Boy Scouts Retroactively Issue New Merit Badge

Get a grip, and give yourself a hand!

August 18, 2009

The Boy Scouts Of America National Council voted this week to retroactively issue 50,000,000 Onanism Merit Badges to all surviving Boy Scouts who had been members from 1910 through 2008. The vote passed 69-12, as the council members squinted through thick glasses and raised hirsute hands.

Reaction at the announcement was swift. Social conservatives were enraged, with Bill O'Reilly and Sean Hannity decrying the move as "weakening the moral fabric", and "a stain on the nation's honor". Ann Coulter flippantly suggested that the Boy Scouts were "Taliban Butt-boys", while Sarah Palin suggested that the Boy Scouts had "given in to terrorists". Lou Dobbs intoned that his sources definitively pinpointed the origins to southern Mexico, in any era. Rush Limbaugh was conspicuously silent, having never been in the Boy Scouts.

Liberals took a different tack, suggesting in large part "get over it", according to Bill Maher. Rachel Maddow read the news and kept a straight face with difficulty, adding that poison ivy was a greater hazard to most Scouts.

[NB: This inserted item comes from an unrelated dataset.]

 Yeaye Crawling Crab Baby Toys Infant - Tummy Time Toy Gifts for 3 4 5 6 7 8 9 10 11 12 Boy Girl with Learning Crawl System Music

A delegation of mortally-offended Eagle Scouts marched on the National Council Headquarters to throw their Eagles, along with several Stars on the steps. The protest was somewhat leavened by prankish Tenderfoots and Second Class scouts who brought up the rear making arm-pit farts, generally treating the occasion as an excuse for practical jokes. 

The badges are being mailed out this week, with a considerable assist from the Genealogical Services Bureau of the Church Of Latter Day Saints, who were able to locate many of the deceased scouts. LensCrafters and Rogaine helped the Boy Scouts with logistical support as primary corporate sponsors.